Si en los años 40 el objetivo de la guerra era muy claro, más justificado que en los casos de Corea y Vietnam, en la actual invasión de Irak no ha quedado muy clara la inminencia de la amenaza que se suponía. Nunca hubo pruebas contundentes. Pero a los muchachos que se enlistan, tan inocentes como sus padres también migrantes y que se guían por lo que quiere la televisión, los políticos de Washington tienen que ofrecerles una coartada para darle sentido a sus acciones. No se van a poner a explicarles a las madres que sus hijos van a matarse por el petróleo que necesita EU para sobrevivir como potencia. Es demasiado complicado. Es demasiado geopolítico. Se entiende mejor un mensaje simple: “Vamos a luchar por la libertad, vamos contra el terrorismo. Queremos que el mundo sea un lugar más seguro. Vamos a liberar a los pueblos donde hay dictaduras.” De esa manera, todo se reduce al ámbito de las creencias. Y las creencias no se discuten.

La tierra baldía, De T. S. Eliot, es un poema de 1922, pero por esa condición de visionarios que suelen tener los poetas sus versos entreven el futuro de una devastación: el vacío y la ruina que puede suceder a una conflagración nuclear. En todo caso, alude a los efectos de la guerra.

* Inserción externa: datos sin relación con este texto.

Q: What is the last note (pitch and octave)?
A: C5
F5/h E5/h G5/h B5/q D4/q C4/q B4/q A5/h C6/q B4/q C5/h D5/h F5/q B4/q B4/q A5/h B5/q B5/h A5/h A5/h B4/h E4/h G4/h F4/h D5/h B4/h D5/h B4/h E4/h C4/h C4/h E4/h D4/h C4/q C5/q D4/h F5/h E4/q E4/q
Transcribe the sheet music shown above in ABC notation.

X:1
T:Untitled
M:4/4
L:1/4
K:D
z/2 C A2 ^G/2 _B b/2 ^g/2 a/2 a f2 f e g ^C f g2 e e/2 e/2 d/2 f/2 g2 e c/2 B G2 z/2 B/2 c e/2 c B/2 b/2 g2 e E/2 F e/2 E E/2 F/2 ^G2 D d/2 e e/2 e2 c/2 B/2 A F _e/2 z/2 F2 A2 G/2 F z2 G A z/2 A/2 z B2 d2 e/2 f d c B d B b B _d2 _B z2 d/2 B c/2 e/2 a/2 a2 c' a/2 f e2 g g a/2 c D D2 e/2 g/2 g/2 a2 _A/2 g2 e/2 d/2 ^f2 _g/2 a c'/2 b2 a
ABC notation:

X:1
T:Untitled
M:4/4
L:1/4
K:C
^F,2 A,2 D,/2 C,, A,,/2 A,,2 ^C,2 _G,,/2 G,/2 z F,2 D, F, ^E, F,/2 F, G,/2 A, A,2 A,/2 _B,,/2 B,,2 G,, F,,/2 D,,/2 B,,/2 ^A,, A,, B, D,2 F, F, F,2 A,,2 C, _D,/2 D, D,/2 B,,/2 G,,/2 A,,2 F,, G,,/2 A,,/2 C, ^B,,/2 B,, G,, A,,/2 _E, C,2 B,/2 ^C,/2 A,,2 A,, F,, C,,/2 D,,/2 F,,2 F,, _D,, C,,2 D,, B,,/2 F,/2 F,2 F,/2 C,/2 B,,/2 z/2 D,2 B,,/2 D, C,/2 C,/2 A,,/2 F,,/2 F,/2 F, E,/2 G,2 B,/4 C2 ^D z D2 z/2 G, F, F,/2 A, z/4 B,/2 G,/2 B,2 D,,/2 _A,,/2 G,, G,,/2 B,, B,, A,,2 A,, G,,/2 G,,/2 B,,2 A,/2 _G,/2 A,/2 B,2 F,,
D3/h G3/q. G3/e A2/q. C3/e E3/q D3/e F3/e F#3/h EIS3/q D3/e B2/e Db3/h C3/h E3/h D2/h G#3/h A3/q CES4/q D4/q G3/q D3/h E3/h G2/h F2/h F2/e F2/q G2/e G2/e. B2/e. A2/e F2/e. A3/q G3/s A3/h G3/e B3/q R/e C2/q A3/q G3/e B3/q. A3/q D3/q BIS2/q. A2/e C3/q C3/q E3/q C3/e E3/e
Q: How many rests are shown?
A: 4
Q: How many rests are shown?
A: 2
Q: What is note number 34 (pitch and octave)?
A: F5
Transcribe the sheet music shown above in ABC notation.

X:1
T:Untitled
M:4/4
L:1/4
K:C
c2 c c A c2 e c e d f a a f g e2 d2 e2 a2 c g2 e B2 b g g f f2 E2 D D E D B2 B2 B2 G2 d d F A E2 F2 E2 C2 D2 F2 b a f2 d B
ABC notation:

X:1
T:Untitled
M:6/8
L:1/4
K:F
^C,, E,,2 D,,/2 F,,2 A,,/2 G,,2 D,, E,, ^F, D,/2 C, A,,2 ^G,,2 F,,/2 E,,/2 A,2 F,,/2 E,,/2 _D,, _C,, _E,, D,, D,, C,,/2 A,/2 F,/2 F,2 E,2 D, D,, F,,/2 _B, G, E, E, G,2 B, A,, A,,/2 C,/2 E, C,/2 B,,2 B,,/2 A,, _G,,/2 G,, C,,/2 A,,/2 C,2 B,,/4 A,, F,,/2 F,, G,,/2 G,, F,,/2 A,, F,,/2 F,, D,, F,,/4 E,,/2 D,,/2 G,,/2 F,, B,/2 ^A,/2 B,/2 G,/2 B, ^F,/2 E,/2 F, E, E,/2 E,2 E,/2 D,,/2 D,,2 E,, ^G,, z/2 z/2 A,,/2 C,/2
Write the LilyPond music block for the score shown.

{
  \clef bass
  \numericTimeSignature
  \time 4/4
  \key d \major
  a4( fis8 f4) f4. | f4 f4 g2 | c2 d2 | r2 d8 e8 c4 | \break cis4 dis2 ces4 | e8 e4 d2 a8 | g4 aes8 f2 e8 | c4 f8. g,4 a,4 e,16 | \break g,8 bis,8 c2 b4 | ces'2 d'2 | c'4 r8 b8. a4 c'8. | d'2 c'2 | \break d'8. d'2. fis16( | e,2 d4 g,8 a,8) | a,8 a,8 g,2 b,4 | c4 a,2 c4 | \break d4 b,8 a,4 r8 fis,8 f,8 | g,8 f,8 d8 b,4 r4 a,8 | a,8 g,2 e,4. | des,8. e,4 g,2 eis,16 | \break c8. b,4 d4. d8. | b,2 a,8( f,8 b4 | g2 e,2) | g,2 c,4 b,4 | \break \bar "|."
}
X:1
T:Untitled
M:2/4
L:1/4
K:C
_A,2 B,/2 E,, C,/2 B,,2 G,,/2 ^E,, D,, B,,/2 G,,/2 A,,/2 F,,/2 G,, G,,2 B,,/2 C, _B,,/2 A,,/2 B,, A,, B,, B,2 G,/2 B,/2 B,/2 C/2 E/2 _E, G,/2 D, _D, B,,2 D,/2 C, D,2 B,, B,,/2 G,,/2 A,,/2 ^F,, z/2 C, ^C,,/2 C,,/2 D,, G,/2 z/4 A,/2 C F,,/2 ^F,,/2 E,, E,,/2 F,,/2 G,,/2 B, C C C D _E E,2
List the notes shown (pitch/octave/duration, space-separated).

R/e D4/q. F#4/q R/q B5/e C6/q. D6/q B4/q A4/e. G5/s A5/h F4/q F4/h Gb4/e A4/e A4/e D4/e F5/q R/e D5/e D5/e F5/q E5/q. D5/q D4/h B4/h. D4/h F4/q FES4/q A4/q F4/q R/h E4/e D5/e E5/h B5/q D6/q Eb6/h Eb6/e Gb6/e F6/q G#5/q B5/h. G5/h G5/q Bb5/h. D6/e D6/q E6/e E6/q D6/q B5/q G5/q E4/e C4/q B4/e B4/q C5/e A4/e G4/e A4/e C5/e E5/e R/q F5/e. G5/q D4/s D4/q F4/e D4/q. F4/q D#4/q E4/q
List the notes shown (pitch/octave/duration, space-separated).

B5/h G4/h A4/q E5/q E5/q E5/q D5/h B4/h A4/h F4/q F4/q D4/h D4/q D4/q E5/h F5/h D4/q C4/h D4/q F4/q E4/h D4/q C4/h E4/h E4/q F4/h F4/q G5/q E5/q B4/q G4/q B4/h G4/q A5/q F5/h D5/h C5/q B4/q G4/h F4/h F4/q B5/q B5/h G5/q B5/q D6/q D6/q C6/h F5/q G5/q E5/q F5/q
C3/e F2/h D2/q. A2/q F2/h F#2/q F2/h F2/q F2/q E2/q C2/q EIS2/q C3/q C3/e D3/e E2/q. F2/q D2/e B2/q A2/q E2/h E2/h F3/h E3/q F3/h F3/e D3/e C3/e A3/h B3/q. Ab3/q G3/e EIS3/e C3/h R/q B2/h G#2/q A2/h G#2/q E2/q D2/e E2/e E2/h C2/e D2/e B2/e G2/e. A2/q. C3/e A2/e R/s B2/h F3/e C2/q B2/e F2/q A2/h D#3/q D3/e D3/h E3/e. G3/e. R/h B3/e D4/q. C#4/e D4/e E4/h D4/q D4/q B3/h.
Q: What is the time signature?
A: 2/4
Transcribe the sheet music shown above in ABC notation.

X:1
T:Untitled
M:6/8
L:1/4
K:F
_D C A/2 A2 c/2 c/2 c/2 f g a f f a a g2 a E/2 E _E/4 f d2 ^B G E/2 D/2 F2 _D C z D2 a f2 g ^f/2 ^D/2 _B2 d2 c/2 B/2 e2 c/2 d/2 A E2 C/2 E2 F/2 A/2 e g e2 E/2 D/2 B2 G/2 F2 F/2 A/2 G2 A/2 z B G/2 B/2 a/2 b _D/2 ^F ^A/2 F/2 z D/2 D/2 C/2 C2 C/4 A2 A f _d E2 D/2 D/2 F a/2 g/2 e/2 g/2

Hay quien dice que el famoso primer verso, “Abril es el mes más cruel”, se refiere al retoño de la vida. En la primavera nuevos tallos se advierten en las plantas y los árboles. Pero eso mismo no deja de ser cruel. Es una crueldad, insinúa el poeta, que vuelva la vida cuando el sufrimiento y la desolación han sido tan atroces.